Check your personal safety equipment. Make sure you have your helmet, preferably a full-face one. I know that is touchy subject, but if you’d seen some of friends’ faces after accidents, you might feel differently. If you are not sure if a full-face helmet is for you, look in the mirror and ask yourself, “Aren’t I worth it”?
Continuing on. Make sure you have good eye protection, a padded motorcycle jacket, gloves, pants (padded or leather) and motorcycle boots.
I know these things are not cool, but if you can afford a bike, you can afford good safety gear that will provide plenty of protection and airflow.
Now it’s time to check the actual bike.
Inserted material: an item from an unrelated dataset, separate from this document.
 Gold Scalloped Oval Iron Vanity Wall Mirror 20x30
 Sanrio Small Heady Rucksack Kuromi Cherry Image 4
To help make sure you remember what to do, some smarty-pants came up with the acronym of T-CLOCK.
“T” is for TIRES & WHEELS. Check their condition and air pressure. During the winter, air molecules compress and air leaks out of tires. You do not want to have a blowout because you missed a 10-minute stop at a gas station. If your tires are worn, cracked or dry-rotted, then get new tires before you ride. Motorcycle tires are not cheap, but that little bit of rubber is the only thing that keeps you from hitting the pavement.
“C” is for CONTROLS. Check levers, cable, hoses and throttle. On the throttle, check its condition and look at the pivot points. For the rest, check the condition and routing of each. Make sure everything moves freely, has no interference and does not pull when you turn the handlebars.
“L” is for LIGHTS. The battery should be in good condition (no acid), held down and fully charged. If you have a vent tube, make sure it is not clogged. The terminals should be clean and tight, and electrolyte levels should be full.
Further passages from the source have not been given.